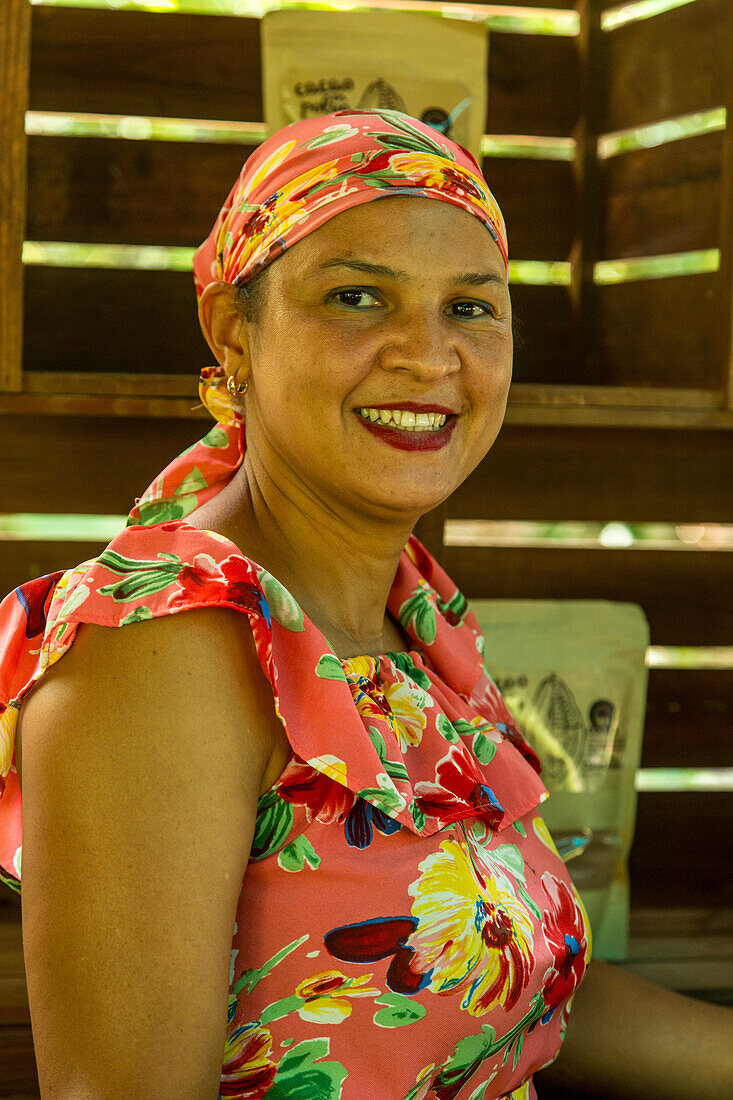 A Dominican woman worker on a cacao plantation tour. Dominican Republic.
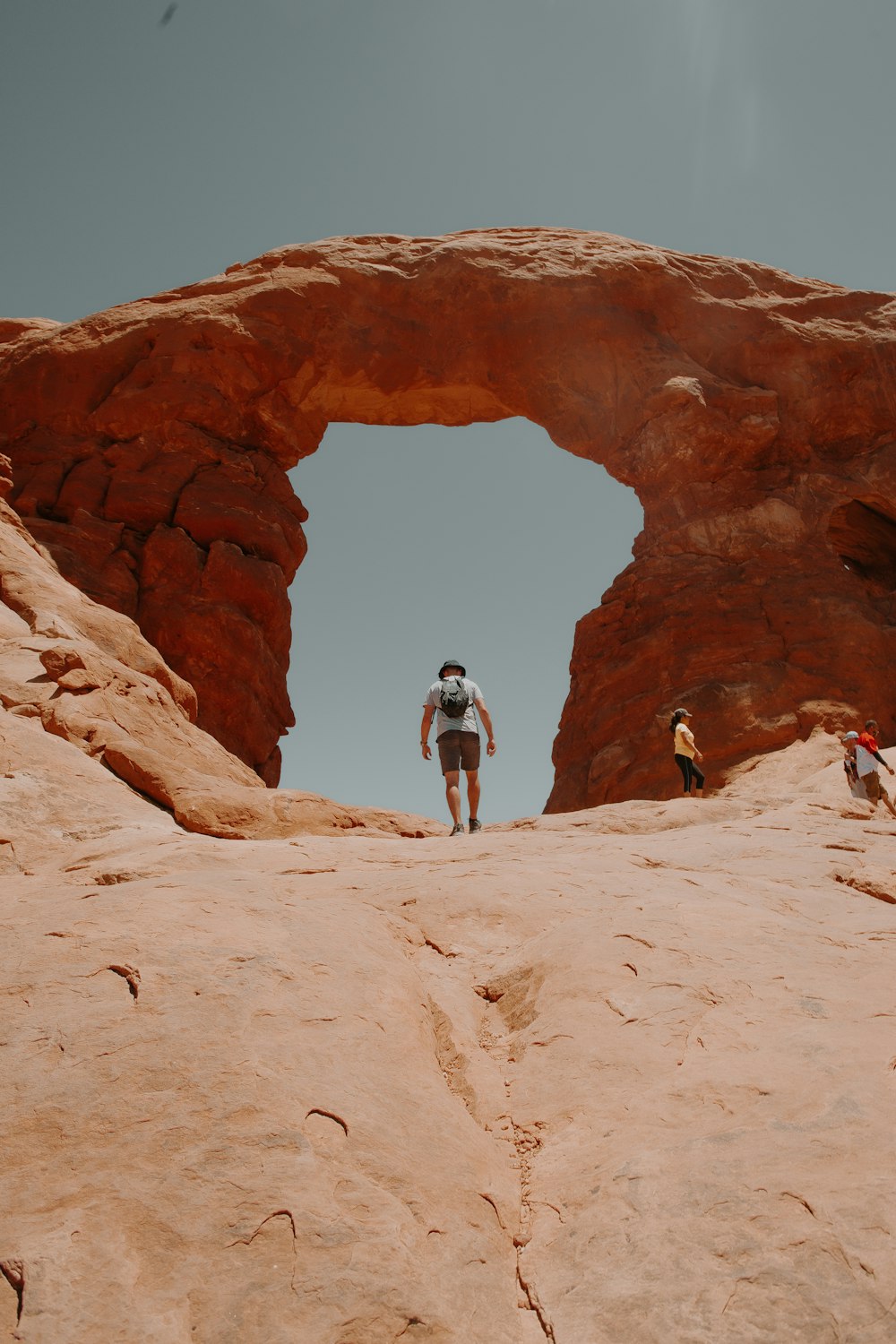 man in black jacket and black pants standing on brown rock formation during daytime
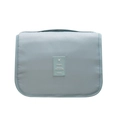 Waterproof light blue travel toiletry bag with hanging hook and travel lettering - Lake Blue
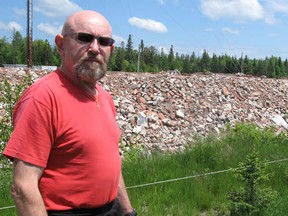 John Fonteine, above, stands in front of the mound of red brick and concrete from the demolition of the former North East Mental Health Centre that has skewed the view from his backyard for several months.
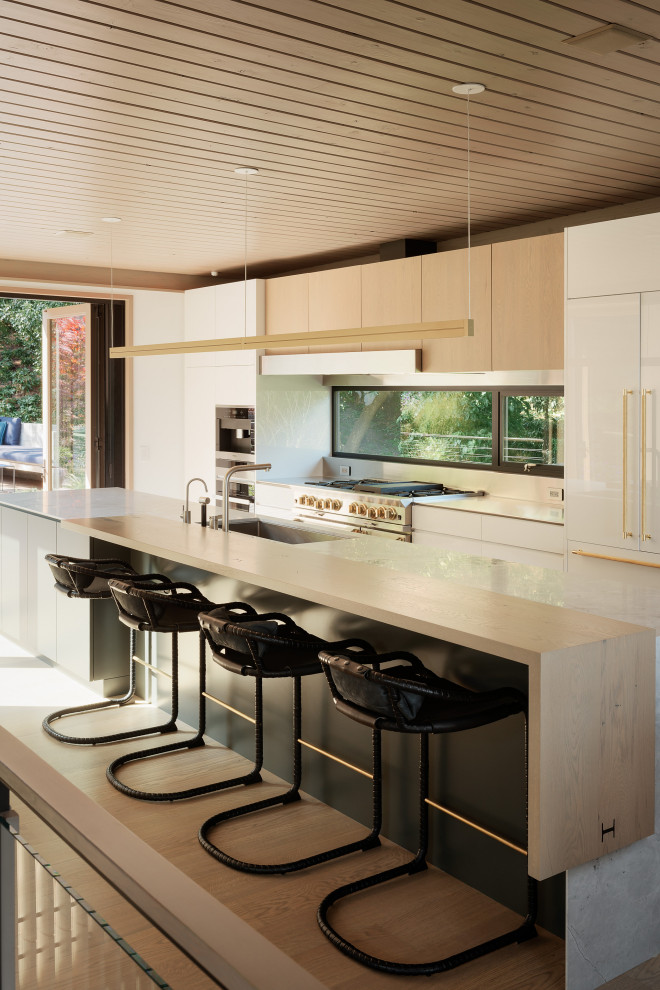 Inspiration for a modern galley medium tone wood floor and brown floor kitchen remodel in San Francisco with an undermount sink, flat-panel cabinets, white cabinets, stainless steel appliances, an island and white countertops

→ Exercise goal:
Nothing but the lines from the line with "John Fonteine, above, stands" through the last line of the listing above should be repeated, and pictures should be left out.

→ Output:
 John Fonteine, above, stands in front of the mound of red brick and concrete from the demolition of the former North East Mental Health Centre that has skewed the view from his backyard for several months.
 Inspiration for a modern galley medium tone wood floor and brown floor kitchen remodel in San Francisco with an undermount sink, flat-panel cabinets, white cabinets, stainless steel appliances, an island and white countertops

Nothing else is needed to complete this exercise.